My take: Please, PLEASE do not mulch and clear 2.5 entire acres. The good news is, you don’t need to go to that expense.
One of the design principles of permaculture is to start small. Not only is it the right thing to do for ecosystems, it is sensible for our wallets and our own personal energy.
You will also be able to get necessary feedback by observing and interacting with your new place. There are many plants on such a large area that will surely be helpful, medicinal, and even be nurse plants that will help your fruit trees grow. That’s like money in the bank!
I would leave the land as is for now, until you are ready to actually live there. Plant some trees at the house where you live now, so you can keep a better eye on them.
Even after you do move to your land, start very very small. Maybe just clear enough for a tiny house and five or 10 trees. And you’ll be able to do that yourself, by hand (maybe with the help of some friends, sort of a fun workday), and you’ll be able to get to know the land much better in the process.

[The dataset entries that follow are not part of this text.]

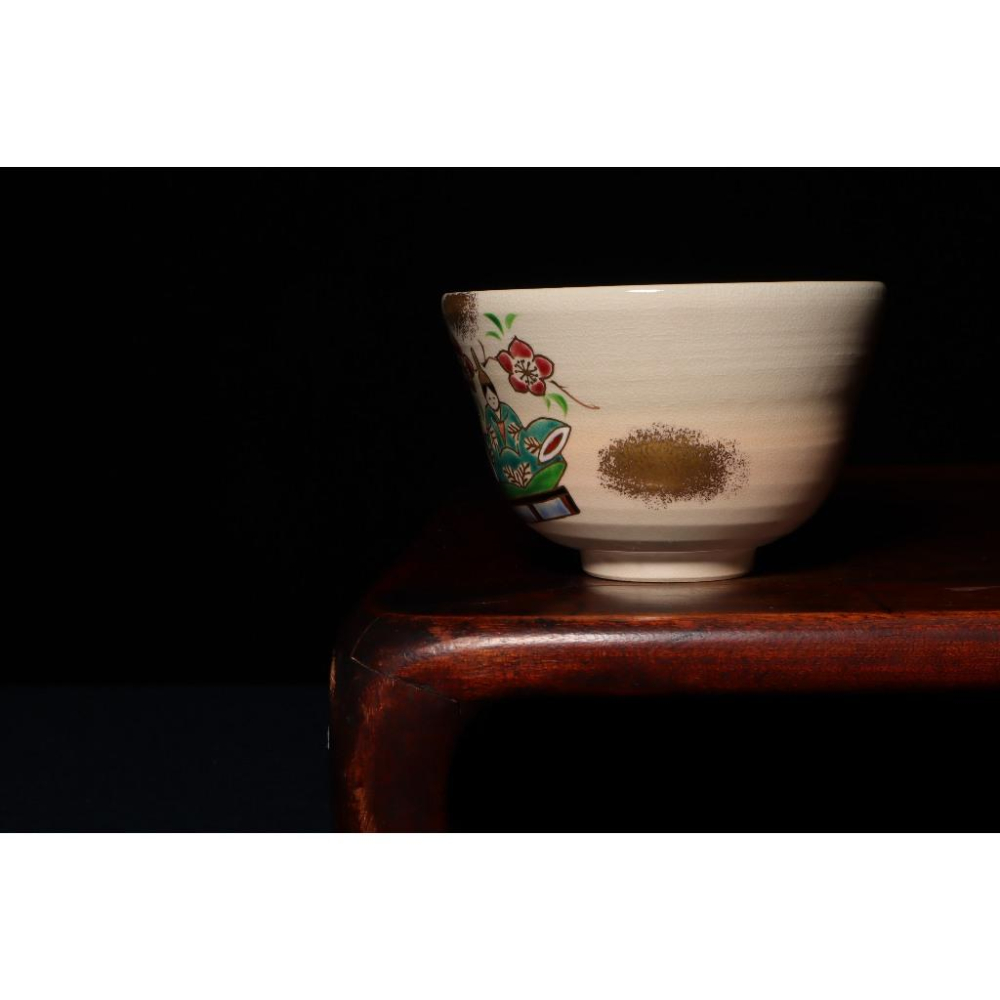 《部町》日本 仁清 八木海峰造 手繪雛偶 抹茶碗｜抹茶 茶道具 茶道 花道 花藝 神社 京都 古董 茶碗 茶杯-細節圖2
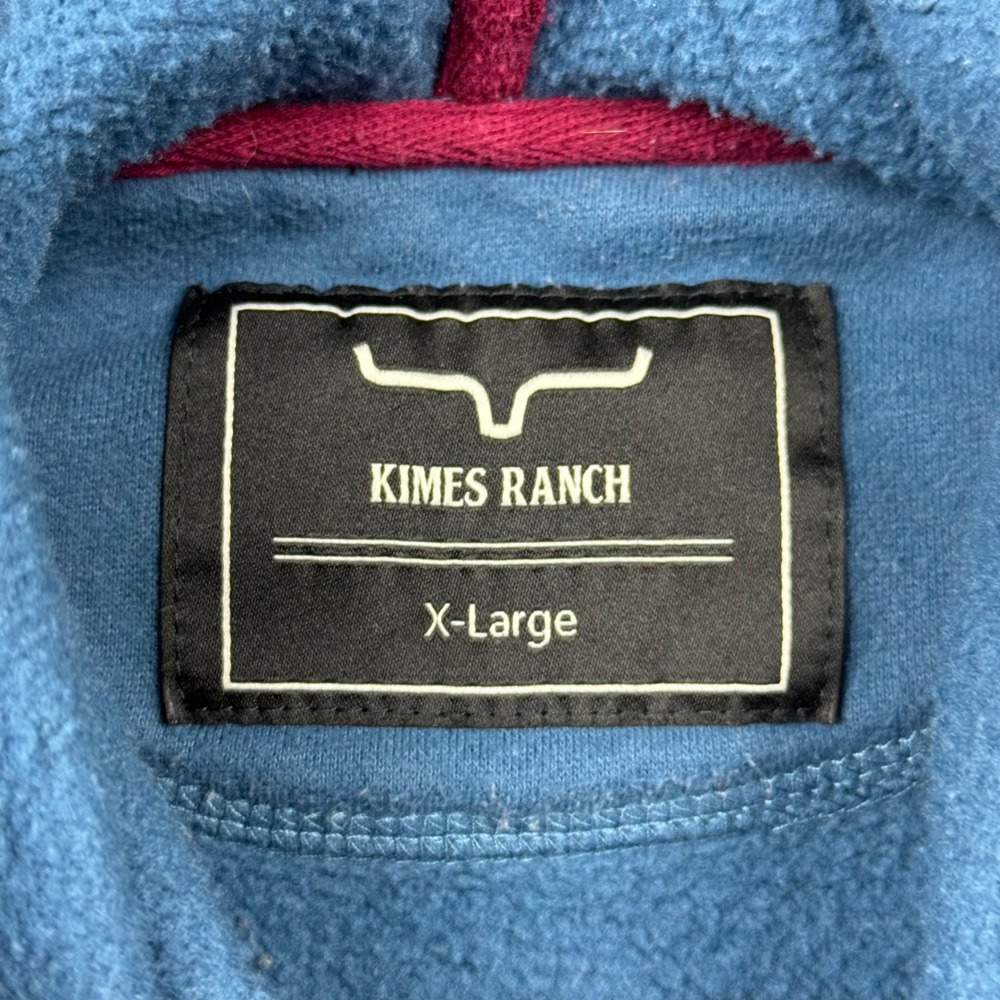 Kimes Ranch Hoodie Women XL Blue Two Scoop Fleece Pullover Sweatshirt Western - Picture 8 of 14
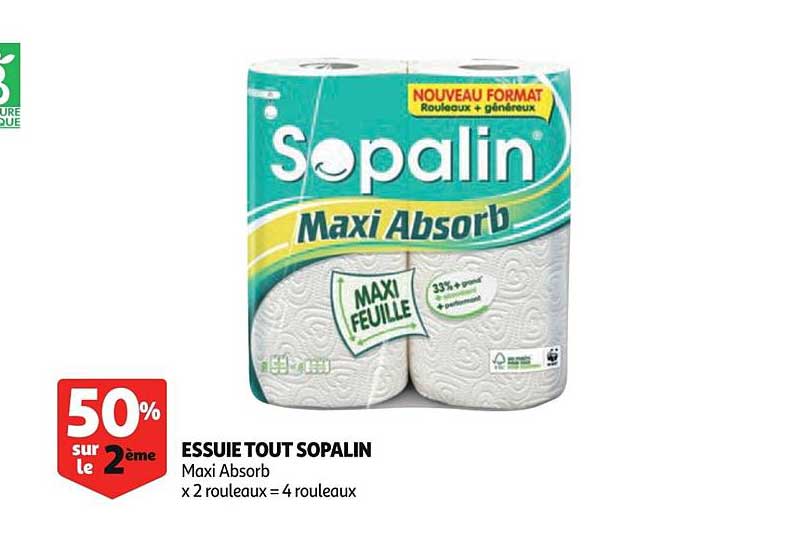 essuie tout sopalin 50% sur le 2ème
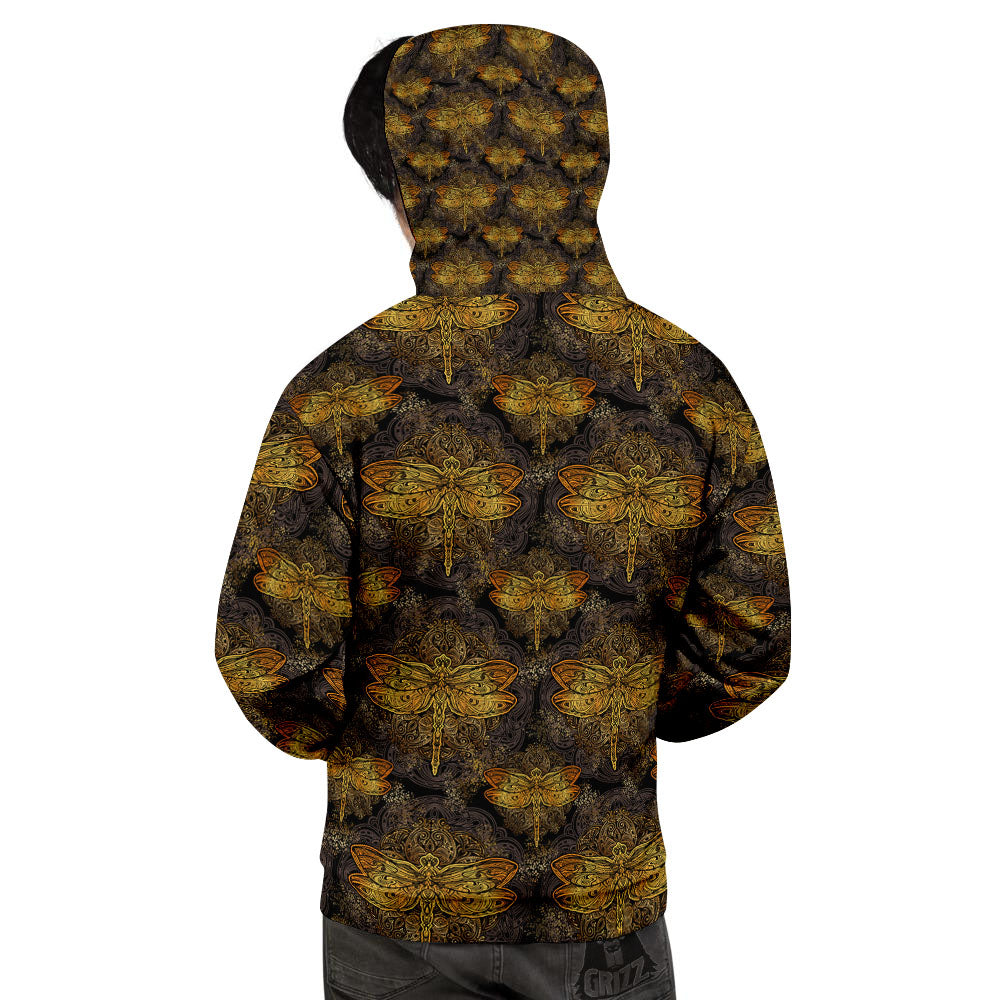 Dragonfly Spiritual Golden Print Men's Hoodie-grizzshop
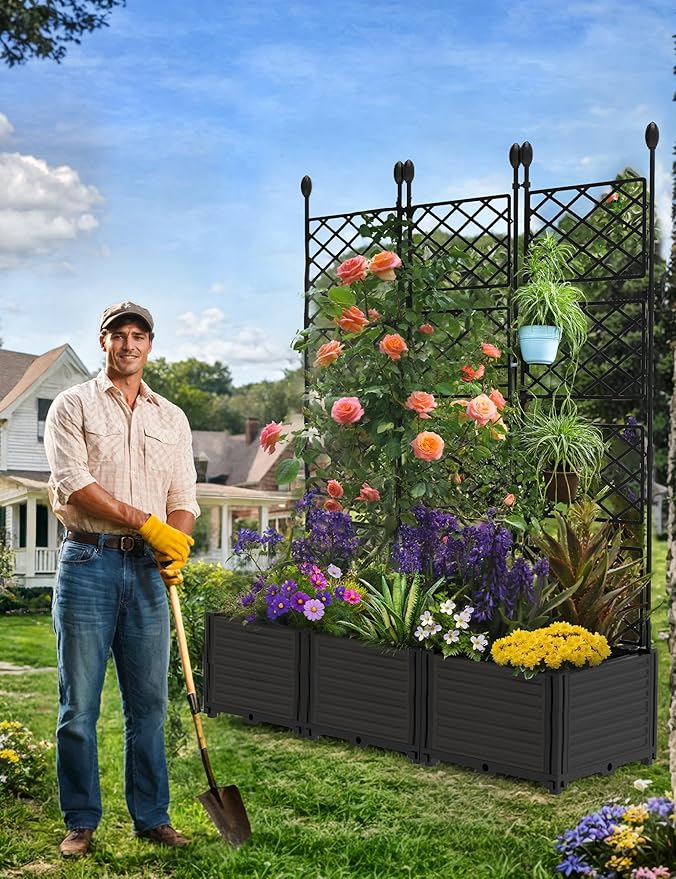 DEXSO The Elevated Garden System - 3PCS Premium Planter Box Kit w/Architectural Trellis, Raised Bed Vertical Growing Solution for Climbing Vines & Herbs, Patio Privacy Screen, Backyard Decor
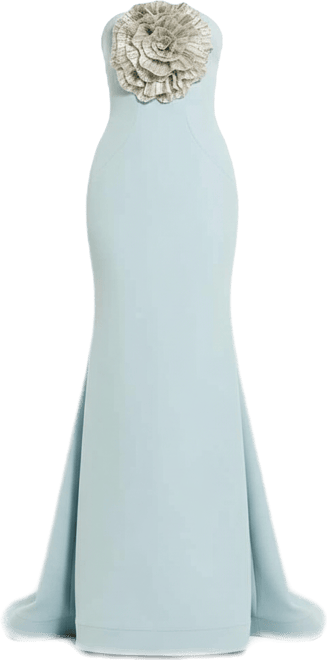 Women's Strapless Crepe Trumpet Gown with 3D Rhinestone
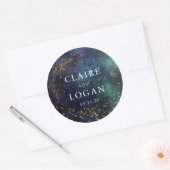 Sticker Rond Mariage Galaxie Céleste Nuit Étoilée (Enveloppe)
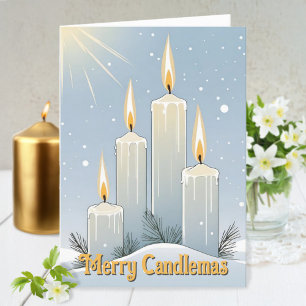 Tarjeta Festiva Candlemas Wiccan Imbolc Snowy Sunshine Candles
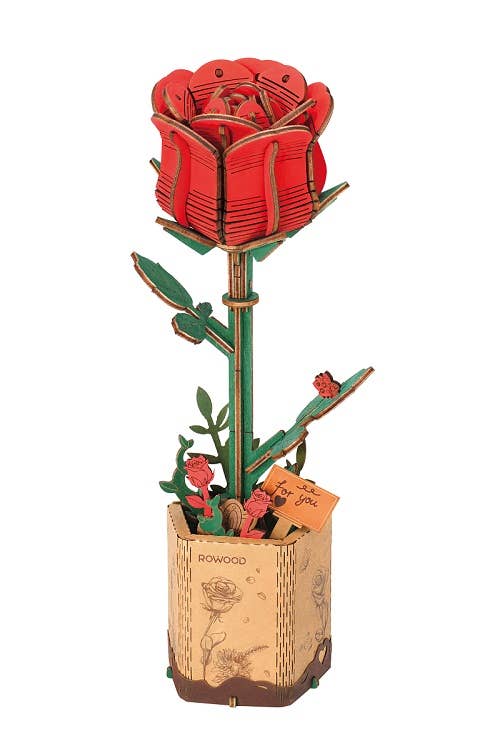 Red Rose  Rowood DIY Wooden Flower 3D Puzzles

Tagging people who have extensive experience setting up food forests, while building/protecting the soil-food web and local ecology. Koreen Brennan Jungle Jay Hardman Andy Firk Transforming Florida Yards
PS. A lot of people are not willing to invest the money in taking a Permaculture design certificate course. However, the thousand dollars for tuition will more than pay for itself, usually rather quickly. (And actually, a lot of reputable PDCs are now being offered for free or nearly free, so even money is not an excuse anymore. The offerings include many excellent online options, so geography is not the barrier it used to be either.) As evidenced by this example here, Where somebody was totally ready to spend probably $10,000 or $20,000 to totally denude a piece of land. (Stripping it of its soil biology, Or at least highly disrupting the soil biology, in the process. That’s another thing we study in Permaculture courses.)
Jumping into a Permaculture group on Facebook and asking questions might seem cheap and easy, but it is often a false economy. Interacting in community is great but it’s not a substitute for actually getting to learn the tools, principles, and ethics.
(***Image for visial attention; includes my screenshot of a piece of a land-clearing company ad; accompanied by my emoji reaction. Not that clearing and tree removal, and mechanized equipment, are not useful sometimes, but we as permies need to be extremely discerning.)